No need to argue anymore.
The Mayor’s Office has made it official. The project, whose go-live date has been delayed by more than a year, will need $10.5 million more at a time when the city can hardly afford a couple of hundred thousand dollars to pick up trash along our scenic beaches.
That’s the bad news. The good news? The Mayor’s Office made representatives from SAP available for a briefing. SAP is the company now in charge of implementing its own software and it’s pretty clear the company does not want to let this thing spiral out of control. It wants municipalities all around the country to implement its software. If this one fails, well, let’s just say the company’s reputation is on the line.
And a project that was once treated like a side hassle for city management is now front and center. SAP appears to have shown Chief Operating Officer Jay Goldstone and his deputies exactly the type of structure they need to make sure decisions on this project are made and made well.
All of this is good. Except, of course, the $10.5 million extra it’s going to cost us.
The mayor and his staff have decided that we should borrow most of that money.
In order to pay off those loans over seven years, it will cost us about $630,000 a year from the city’s general fund and $530,000 a year from other funds.
The mayor would like us to feel reasonably confident that is as painful as it will get.
I asked the assembled officials and businessmen why residents should feel better about the project now. Goldstone, the man in charge of all the city’s operations, said the city had put in place the right leadership, the right focus, the right expectations and the right team in place to get it done.
And most importantly, he said, none of the project’s managers are treating it like a side project. There are people in charge who have nothing more important to do than make sure it gets done.
This is a big deal. Even when Greg Levin, the city’s comptroller, was in charge of the project, he was also tasked with pushing through the back log of the city’s comprehensive annual financial report. This has been the case with all the managers of the effort.
When you do that, when you put someone in charge of a project but then you give them arguably more important assignments, you can’t be upset if the make it less of a priority — if important decisions are delayed or avoided and things fall behind.

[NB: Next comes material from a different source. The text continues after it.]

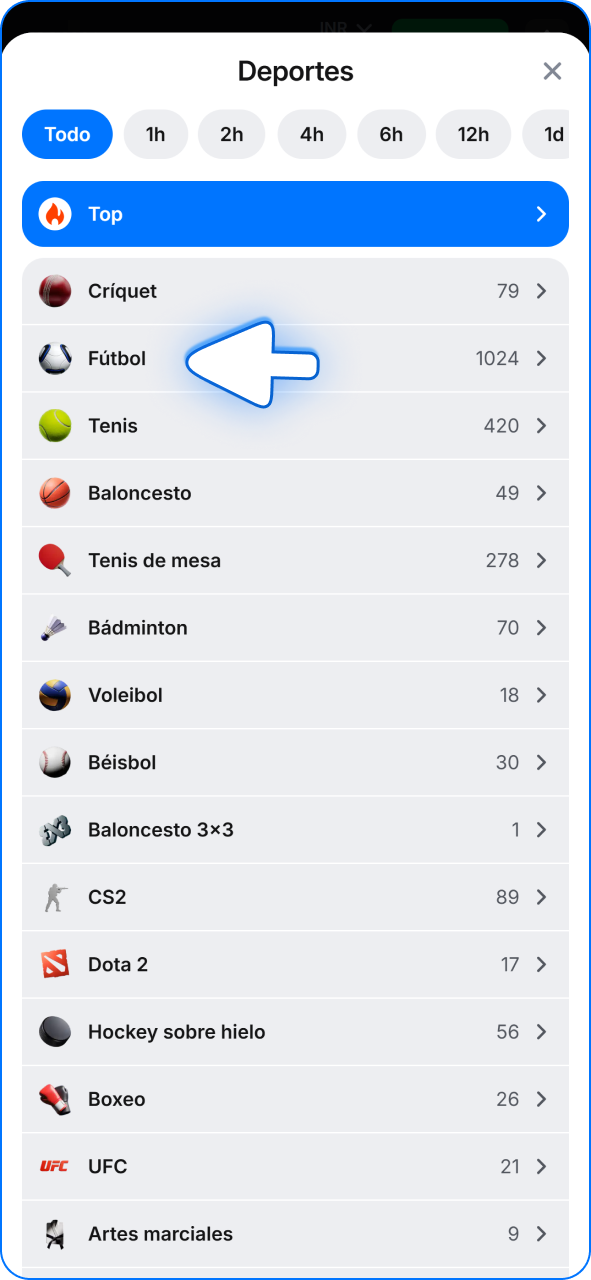 Elige los deportes en los que quieras apostar en 1w.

This is what they appear to have identified. I asked if it was also beneficial now to have people with technical backgrounds in charge. Debra Bond and Nader Tirandazi are overseeing Wild ERP’s implementation and both have experience working on technical issues.
“It doesn’t matter if it’s an IT person or not working on it,” Goldstone said. “It’s having the people with the right skill set and being able to have them devoted to the project.”
The officials said they expect the city’s finances to all be working with the ERP system by July and most other systems will fall into place shortly after that.
Will this thing work out under the current leadership without going over budget or past deadlines again? I’m not sure. But you can tell the city is now serious about it. You can tell SAP is serious about it. It’s a top priority they don’t appear willing to let fail.
That’s certainly a step in the right direction.